With a bit more digging, but very similar https://nee.lv/2021/02/28/How-I-cut-GTA-Online-loading-times...

eru · on Feb 10, 2024

Interesting article!

> Furthermore, there is literally no way to tell whether your program will ever actually terminate without actually executing it. And there are many, many, many, ways to write a program which make it “slow” to execute. “Slow” being… like really slow.

Nitpick: there are some languages where you can tell whether your program will terminate without running it. There are even languages where you can tell whether your program will be slow.

And there are even more specialised languages where any program will be 'fast'.

Obviously, these languages aren't Turing complete. It's an interesting exercise to explore the design space to find languages that are both useful and avoid being Turing complete.

Agda is an example of a language that allows you to run approximately any practical computation, but it's not Turing complete. Oversimplified: in Agda a program is only considered valid by the compiler, if it comes with a computer-checkable proof of halting on all inputs.

hansvm · on Feb 11, 2024

> Obviously, these languages aren't Turing complete.

Interestingly, a Turing complete language without non-halting programs could exist conceptually (rather, many do); it's just impossible to know it has that property (hard to use in practice if you don't know it has the guarantees you'd like), and it can't be finitely describable (impossible to implement a compiler for it which doesn't sometimes "succeed" at compiling invalid programs).

towawy · on Feb 10, 2024

You can also construct programs in Turing complete languages to always halt (e.g. by bounding the number of iterations of all loops, usually with the tradeoff of limited input size).

eru · on Feb 10, 2024

Yes, you can program in a subset of your language that is not Turing complete.

The_Colonel · on Feb 10, 2024

You'd also need to forbid (even indirect) recursion, i. e. one function cannot appear in a callstack twice.

trealira · on Feb 10, 2024

Isn't that overly restrictive? Some programs are guaranteed to terminate even with mutual recursion.

For example, these (obviously inefficient) functions always terminate for all values of x, since both terminate given an input of 0, and 0 is the minimum possible input to these functions.

  bool even(unsigned int x)
  {
    return (n == 0) ? true : odd(n - 1);
  }

  bool odd(unsigned int x)
  {
    return (n == 0) ? false : even(n - 1);
  }

The_Colonel · on Feb 11, 2024

The point of these restrictions is that you can formally verify that a given program will terminate in a way which can be checked by e.g. a compiler or some other kind of checker.
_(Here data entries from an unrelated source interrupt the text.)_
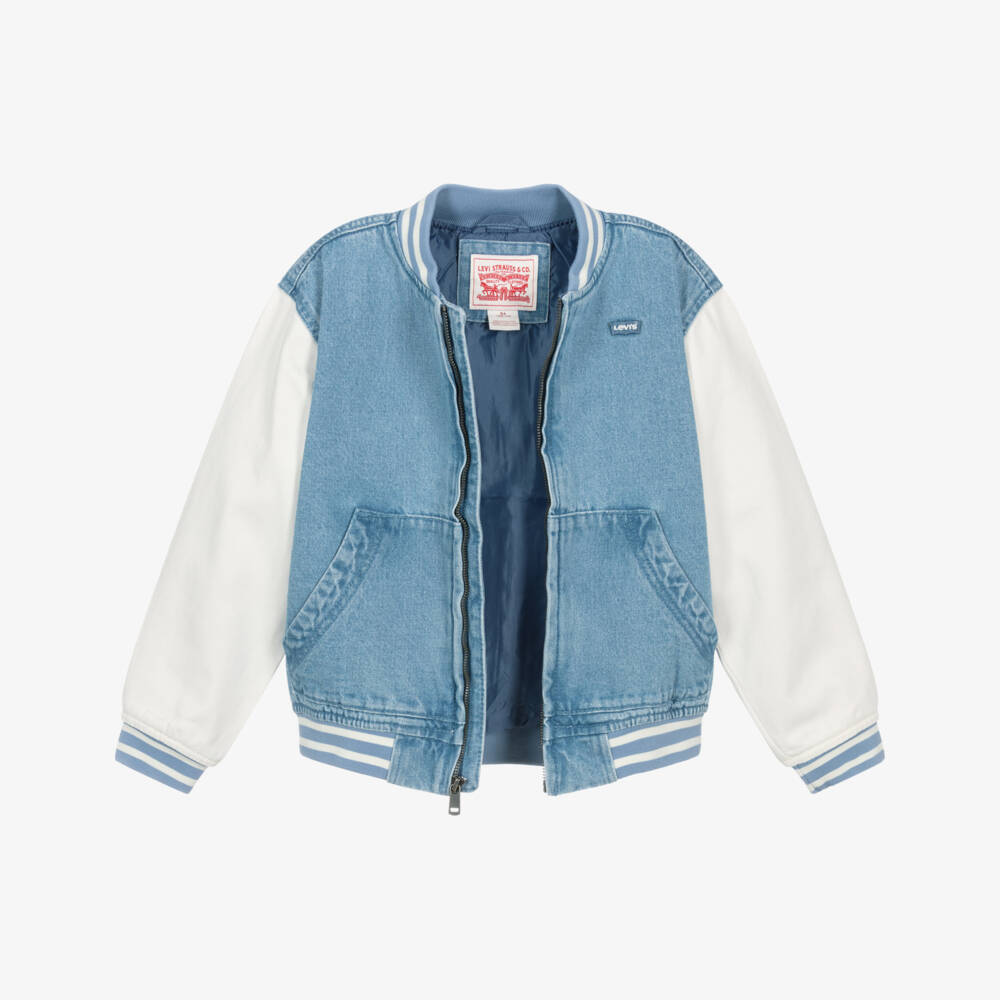 Levi's-Boys Blue Denim Bomber Jacket with Logos | Childrensalon Outlet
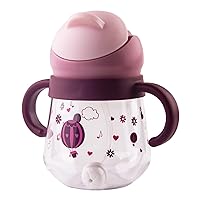 Weighted Straw Sippy Cup,Sippy Cup with Straw and Handles,Weighted Straw Trainer Cup,No-Spill Easy Grip Cup with Soft Flex Spout for Baby and Toddlers (Purple)
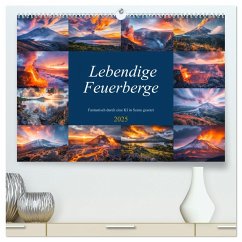 Lebendige Feuerberge - Fantastisch durch eine KI in Szene gesetzt (hochwertiger Premium Wandkalender 2025 DIN A2 quer), Kunstdruck in Hochglanz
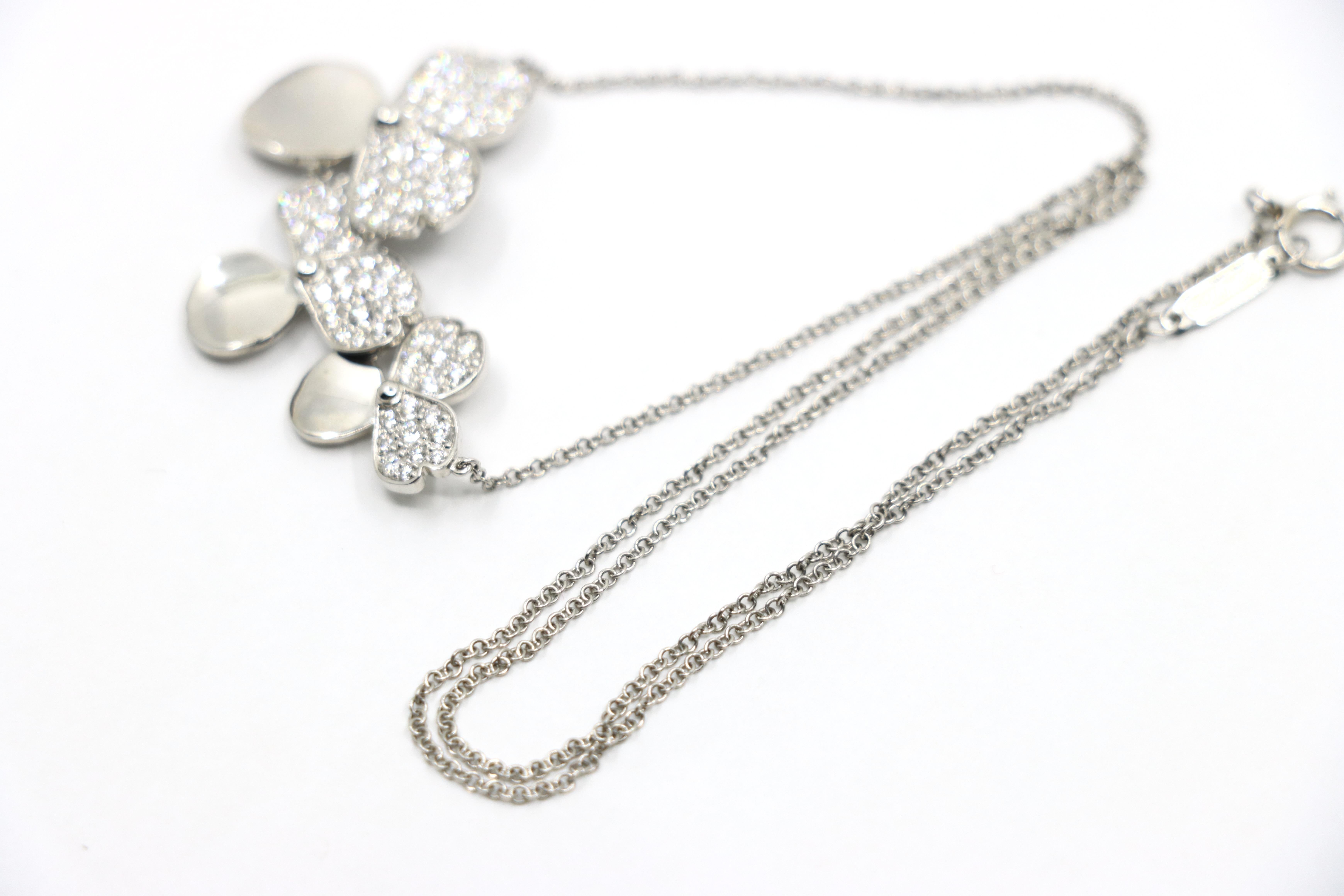 Tiffany & Co Platinum Diamond Paper Flower Pendant Necklace For Sale 7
While statically verifying your snippet is possible, it is also significantly more difficult to do than enforcing rules like "all loops must have an upper limit". I also think that you'd need dependent types to make this approach viable. Your simple example is IMHO rather an exception, just having "unsigned int" parameters / return types would mostly not suffice to statically verify that a recursive method will finish or not. (plus things like global state etc.)

eru · on Feb 12, 2024

A language with your suggested restriction (and a few more) might be possible.
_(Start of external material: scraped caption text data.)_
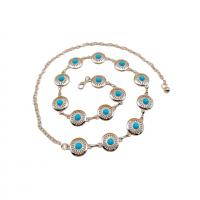 Bijoux chaîne de corps, aluminium, avec turquoise, Rond, Placage, bijoux de mode, plus de couleurs à choisir, protéger l'environnement, sans nickel, plomb et cadmium, Longueur 120 cm, Vendu par PC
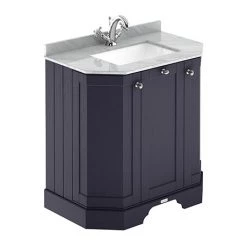 Old London Twilight Blue Art Deco 750mm Angled Cabinet with Grey Marble Basin Top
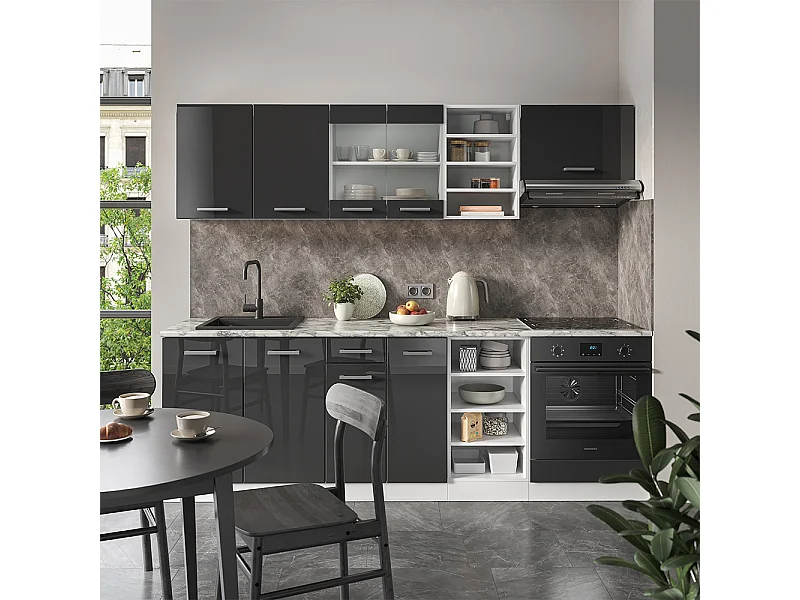 Mueble de cocina antracita brillo intenso/blanco 240x46x81.6 r-line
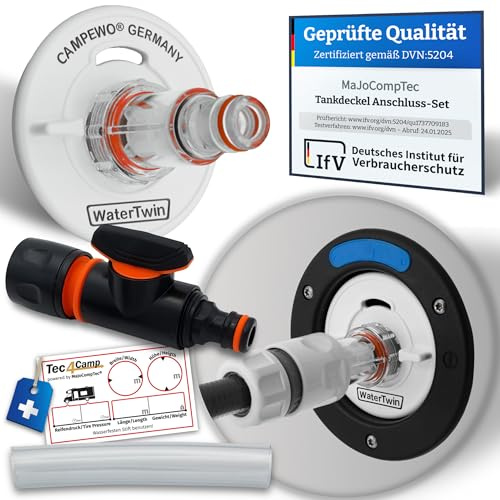 MaJoCompTec® WATERTWIN Tankdeckel mit Wasseranschluss | Wassertankdeckel Befüll Anschluss für Wassereinfüllstutzen | Wohnmobil Wohnwagen Zubehör (PRO-Line mit Filter + Ventil, Adapter 3-PIN D:78)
But it's not the only way to get a total language (that always halts), contrary to what your original comment claims.

eru · on Feb 12, 2024

Agda doesn't need that restriction, as far as I know. And neither does Dhall. See https://dhall-lang.org/

Neither language is Turing complete.

zmgsabst · on Feb 10, 2024

I think you can allow finite recursions, eg, a maximum stack depth.

The_Colonel · on Feb 11, 2024

But then reaching it will mean a crash. I could use a similar approach to say that any program will terminate if I set a fixed time (instruction count) limit.
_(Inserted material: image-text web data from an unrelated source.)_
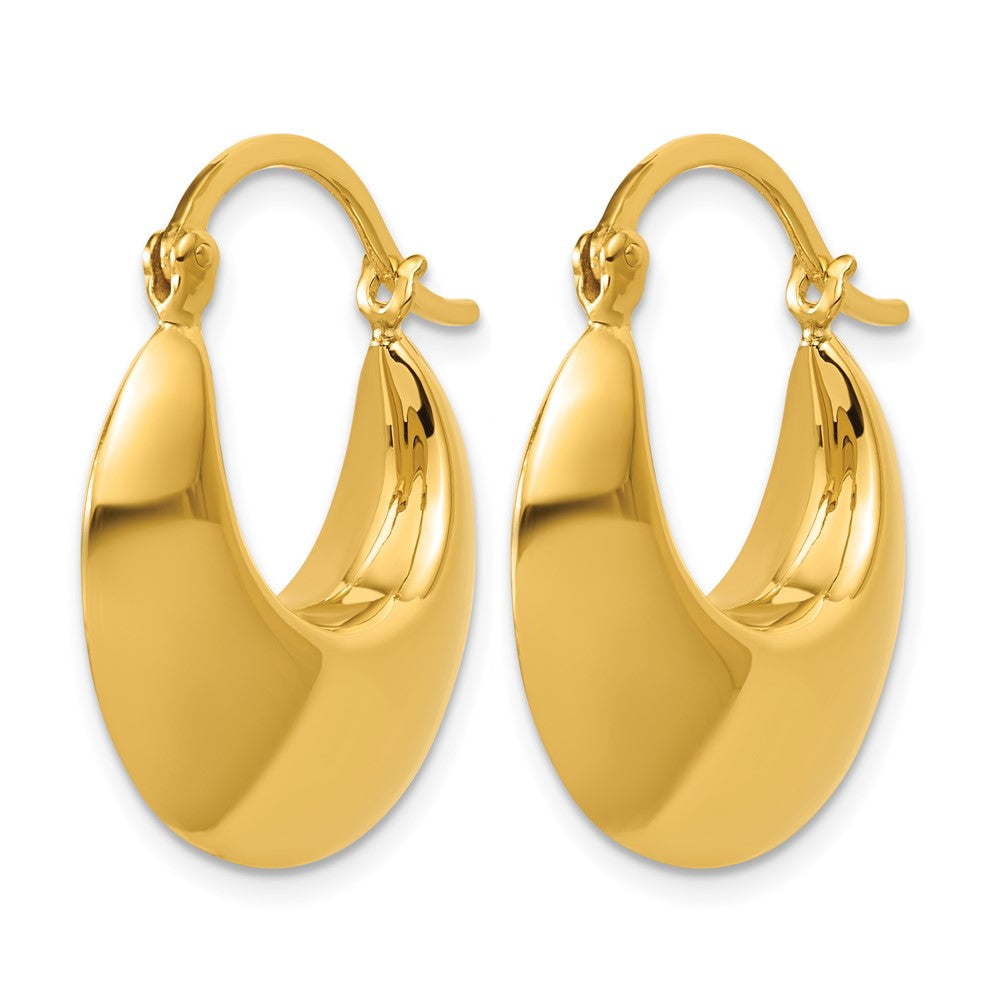 Sterling Silver Gold-tone Polished Hoop Earrings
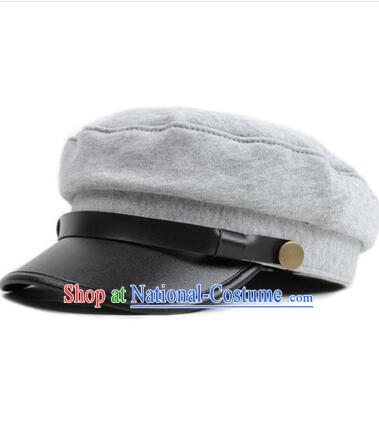 Chinese Traditional Style Wu Si Period Student Hat Play Stage Flat Hat Men Sun Yat Sen s Uniform Hat Grey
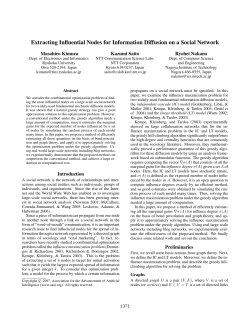 Extracting Influential Nodes for Information Diffusion on a Social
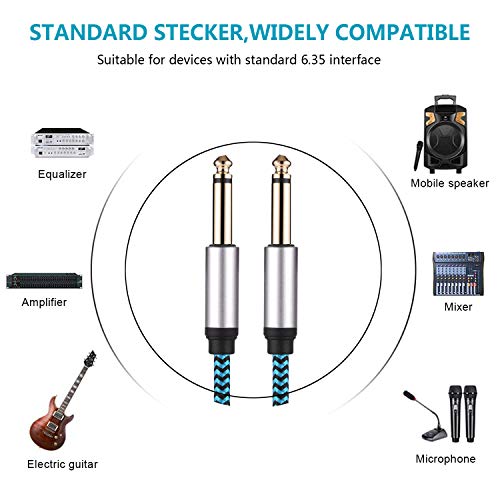Hftywy 6.35Mm Guitar Cable 15 Ft 1/4 Inch Guitar Instrument Cable 6.35Mm (1/4) Ts To 6.35Mm (1/4) Trs Stereo Audio Cable Male To Male With Zinc Alloy Housing And Nylon Braid #TOP3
zmgsabst · on Feb 12, 2024

Yes — that’s correct.

Programs with a fixed amount of execution time always terminate. That’s why we add timeouts to executions, because they’re a solution to the halting problem, which guarantees execution flow of our machines always returns at some point.

EasyMark · on Feb 10, 2024

I once took some matlab code and got a 200x+ improvement for a couple of days work, the code was atrocious. So it really matters to understand your tool. I think the person I took it from was afraid to change anything that worked after it was prototyped.